Вот с общностью культуры, пожалуй, тоже все ясно. В разных областях – в музыке, в литературе, в живописи, в архитектуре, в киноискусстве – тиражировались одни и те же идеи, воплощенные похожими выразительными средствами. Все, что не соответствовало этим идеям, объявлялось пошлостью. Хочешь быть общностью? - перестань нравственно разлагаться, любуясь вереницей белых слоников на комоде! И вообще выброси комод!

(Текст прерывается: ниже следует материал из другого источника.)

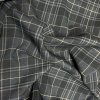 Směs polyesteru a viskózy, šedá/černá kostka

Когда 25 мая 1965 года в Русском музее открылась выставка «Архитектура США», Владимир Солоухин написал: «Почему мы можем допустить, чтобы на территории Ленинграда велась организованная и продуманная пропаганда чуждых нам (да и вообще человеку) архитектурных стилей?». Конечно, выставка, посвященная американской архитектуре, и выставка русских фресок не могли конкурировать друг с другом.
Немонументальные песни под гитару, любовная лирика, простая мебель – все это разрешалось, потому что не только не противоречило жажде коммунизма, но и делало ее более душевной.
Установка общества на строительство коммунизма, призванная превратить толпу в общность, оказалась утопией. Постепенно выяснилось, что в общественной структуре нет однородности, и некомфортный быт вызывал вполне приземленные, а не возвышенные желания. У кого-то вдруг появлялась цель купить телевизор. Или «достать» чешскую стенку. А так как достижение этих целей требовало угрюмого и полного на них сосредоточения, на грезы о коммунизме уже не оставалось сил. Тот, у кого не было общей цели, переставал быль частью советского народа.
Вот так, мучительно «доставая» продукты, бытовую технику и мебель, один за другим граждане и отваливались от монументальной глыбы, название которой «советский народ». В борьбе между идеей и потребностью победила потребность.